Tan is the first to get his hands on Neal, who says, “I never go shop in fancy stores.” So Tan takes him to … Bonobos, an e-tailer that wished super hard and made itself into a real boy. Tan is Pakistani and Neal is Indian, so he keeps comparing the two of them like they have so much in common. I get what he’s going for, drawing them together with shared Hindu cultural experiences, but he’s playing that one note really hard.
The look he finally puts together for Neal is pretty cute, though, and consists mostly of short-sleeved button-down shirts with patterns ranging from ironic flamingo lawn ornaments to the kind of florals you’d see on the bathroom wallpaper at a Margaritaville restaurant. Neal puts one of those over a T-shirt, a pair of not-too-dressy pants, and with a nice sneaker. Neal ends up looking like every straight guy who works at every advertising agency in North America. It’s not a bad look.
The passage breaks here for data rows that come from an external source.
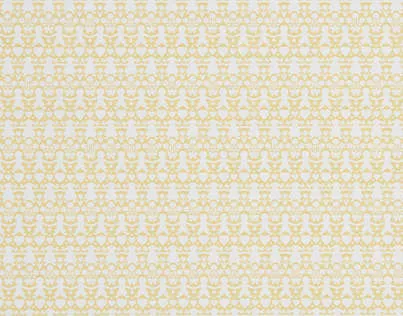 Обои для стен Pierre Frey Confettis FP344003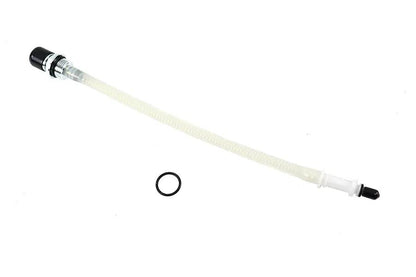 V-Twin Fuel Check Valve Assembly for Harley Davidson FLST Models (Part #25004) by V-Twin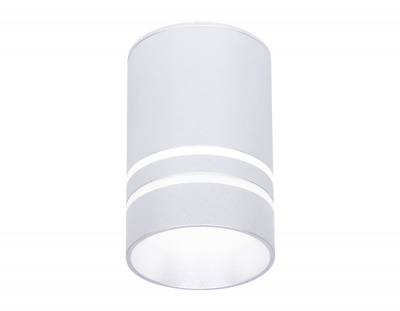 Накладной светильник Ambrella Light TN236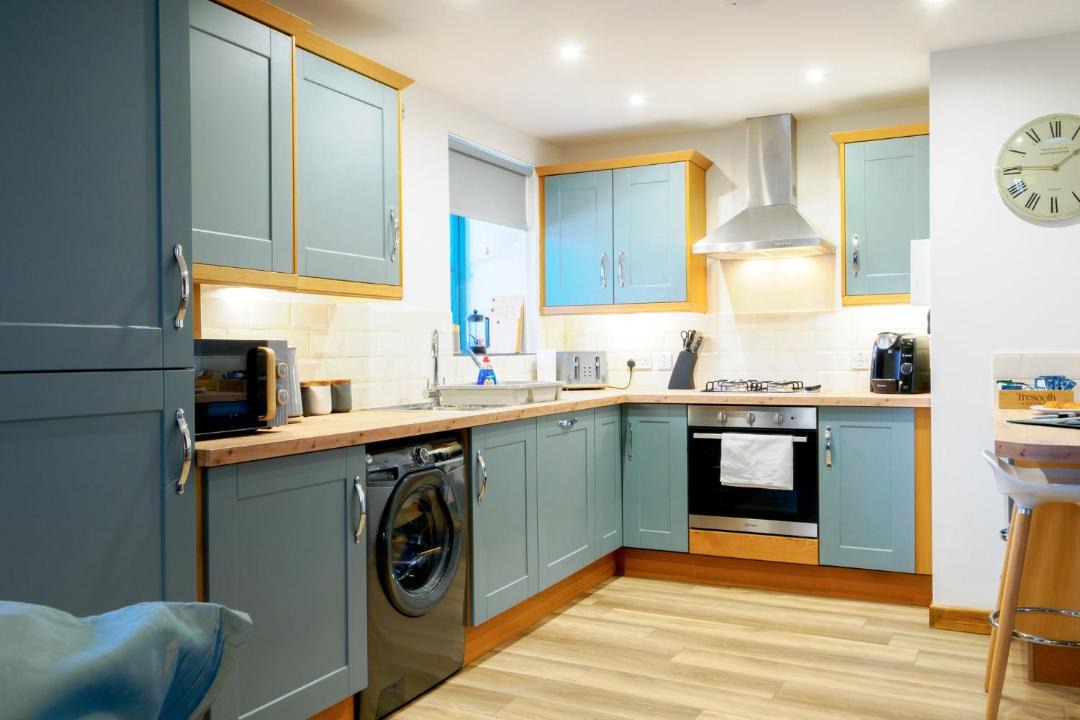 Photo of Others in Falmouth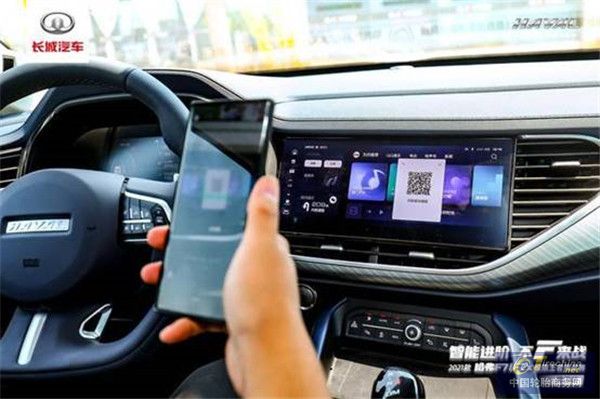 微信图片_20201015142307.jpg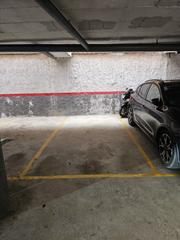 Lloguer Aparcament cotxe  Teià. Se alquila plaza de parking en la llàntia por 65 al mes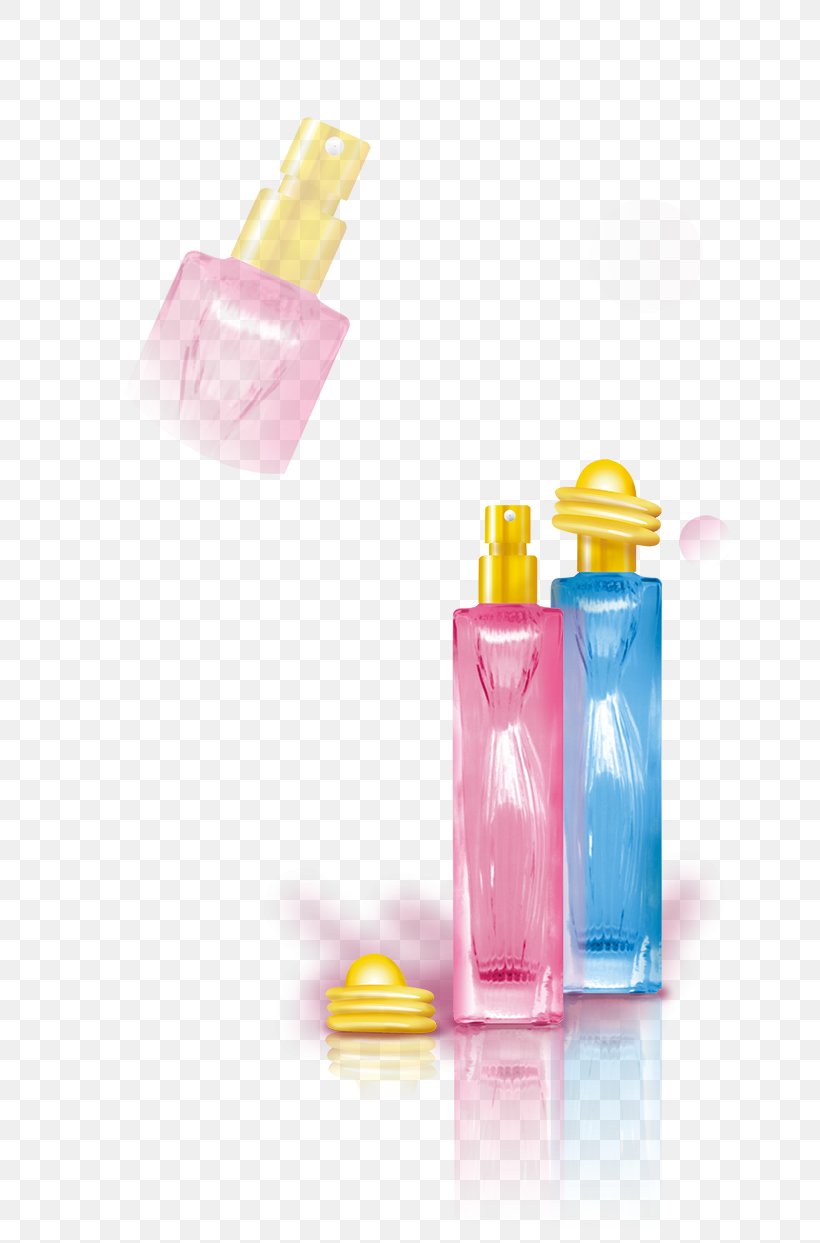 Glass Bottle Plastic Bottle Liquid, PNG, 800x1243px, Glass Bottle, Bottle, Drinkware, Glass, Liquid Download Free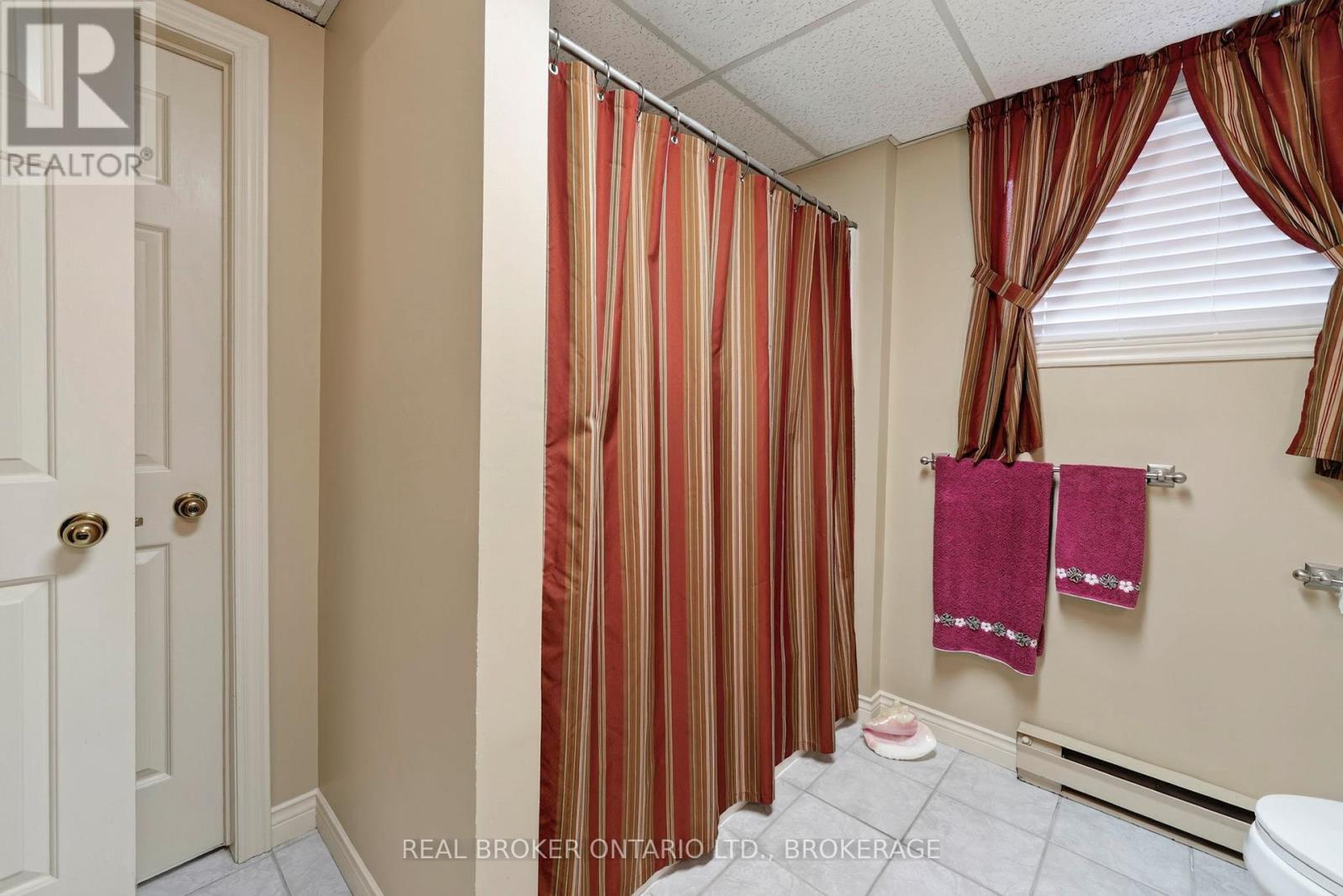 6495 Clifford Avenue, South Glengarry, Ontario K6H 7H9 - Photo 35 - X13701006
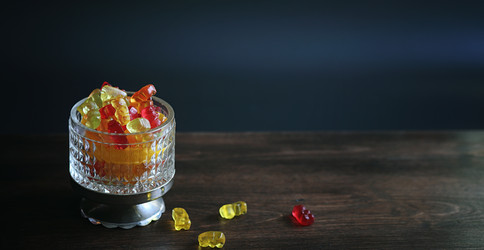 Similar image 20053069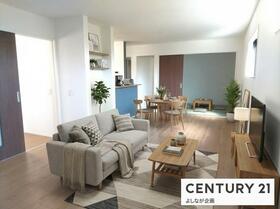 福岡県北九州市八幡西区光貞台３丁目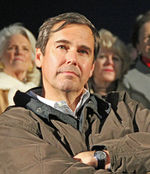 Ray Washburne.jpg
Then Karamo takes Neal boxing because, I don’t know. What is Karamo ever even doing? Karamo keeps harping on how Neal has all of his walls up and needs to let people in his life or something because otherwise Karamo has nothing to do on set except for holding all of Jonathan’s different snapping fans. Boxing is the absolute worst choice. Boxing is sort of like veganism: Those that are going to be into it have already found it and the rest of us think that it’s dumb, dangerous, and will probably make your pee smell funny. However, they take Antoni along and he’s not wearing sleeves, so, I’m cool.
But Karamo is just an absolute waste the whole time. Right before Neal has his party to show off his new space and his new look, Karamo says, “I wish your mother could be here to see this.” Neal says, “Oh, she’s going to be here.” Karamo, of course, is shocked. “Oh, okay. Cool. Well, then I’m going to shut up and go do crunches by the craft-services tent and pretend like I don’t want to eat all the Kit Kats.”
Jonathan takes Neal to get his hair cut and his beard trimmed, and he’s really nervous about this step because he doesn’t want to look like a boring person. I actually think the best he looked was when Tan put his hair up in a bun when they were trying on clothes. Maybe he just needed some hair ties and to cut off that awful beard. Instead, Jonathan gives him the standard issue floppy haircut and a trim beard. Neal now looks like an Indian Judd Apatow.
After showing him how to style his hair, Jonathan also teaches him how to spray cologne using a method he learned from Kyan Douglas on the original Queer Eye: the “spray, delay, and walk away” method. This really comes back in a brilliant way later, when Neal puts his cologne on and then gives a final spin and a, “Yaaaaazzzzz, queen,” just like Jonathan would.
Speaking of Antoni, he showed Neal, a man who confesses that he knows how to cook and likes to do it, how to make a grilled cheese. Girl, I think that cheese is a bunch of clotted cow mucus sent to us by the devil and even I know how to make a grilled cheese. At least give this man some new skills or something. Then, at the party for his app launch, Antoni forces him to make grilled cheeses for everyone. Yes, it’s nice, but he’s at the party, he shouldn’t be in the kitchen toiling over a hot stove.
Bobby redesigned the house and, yawn, he made it look like the outdoor seating area at a Panera Bread or something. Whatever.
All in all, Neal is a nice, fun subject who seems to improve quite a bit for the Fab Five. But let’s be honest, that house is going to go right back to being a disaster faster than Karamo can try to teach us how to properly use hashtags.